The K_sv values that were obtained from the experiments are (1.02 ± 0.01) × 10⁵ M⁻¹ and (2.23 ± 0.03) × 10⁵ M⁻¹ for complexes 1 and 2, respectively (Fig. 3, inset). K_app was found to be (1.15 ± 0.02) × 10⁵ M⁻¹ and (2.62 ± 0.02) × 10⁵ M⁻¹ for complexes 1 and 2, respectively.

These results show the same magnitude of the intrinsic binding constants determined from the absorption spectra titration, further demonstrating the absorption spectral observations that the complex 2 with the ligand PIQ can intercalate to DNA more strongly than the complex 1.
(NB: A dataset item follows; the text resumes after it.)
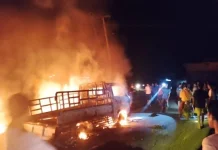 Pick Up Bermuatan 2.000 Liter BBM Subsidi, Terbakar di Dompu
2.4.2. DNA photocleavage studies. The DNA photocleavage activity of 1 and 2 was considered using SC pUC19 DNA in Tris–HCl/NaCl buffer by irradiating the samples with visible light of 500 nm. The complexes remain cleavage inactive in dark condition thereby prohibit possibility of any hydrolytic cleavage. All the complexes display photoinduced DNA cleavage activity in micromolar complex concentration. The complexes 1 display 73% and complex 2 show 84% cleavage of SC DNA to its nicked circular (NC) form on photoirradiation at 500 nm with a complex concentration of 100 μM for 1 h (Fig. 4).

Fig. 4 Cleavage of SC pUC19 DNA (0.2 μg, 30 μM) by the complexes 1 and 2 (100 μM) in 50 mM Tris–HCl/NaCl buffer (pH, 7.2) on photoirradiation at 500 nm for 1 h: (lane 1) DNA control; (lane 2) DNA + HL; (lane 3) DNA + PPY; (lane 4) DNA + PIQ; (lane 5) DNA + Pcyd-BODIPY; (lane 6) DNA + 1 (in dark); (lane 7), DNA + 2 (in dark); (lane 8) DNA + 1; (lane 9) DNA + 2.

Addition of hydroxyl radical scavengers like DMSO, KI, catalase and superoxide radical scavengers such as superoxide dismutase, SOD did not inhibit the DNA photocleavage reaction whereas singlet oxygen quenchers such as 2,2,6,6-tetramethyl-4-piperidone (TEMP), 1,4-diazabicyclo-[2.2.2]octane (DABCO), and NaN₃ inhibited the DNA photocleavage activity significantly (Fig. 5). These results suggested ¹O₂ are likely to be the reactive species that contribute to the cleavage process.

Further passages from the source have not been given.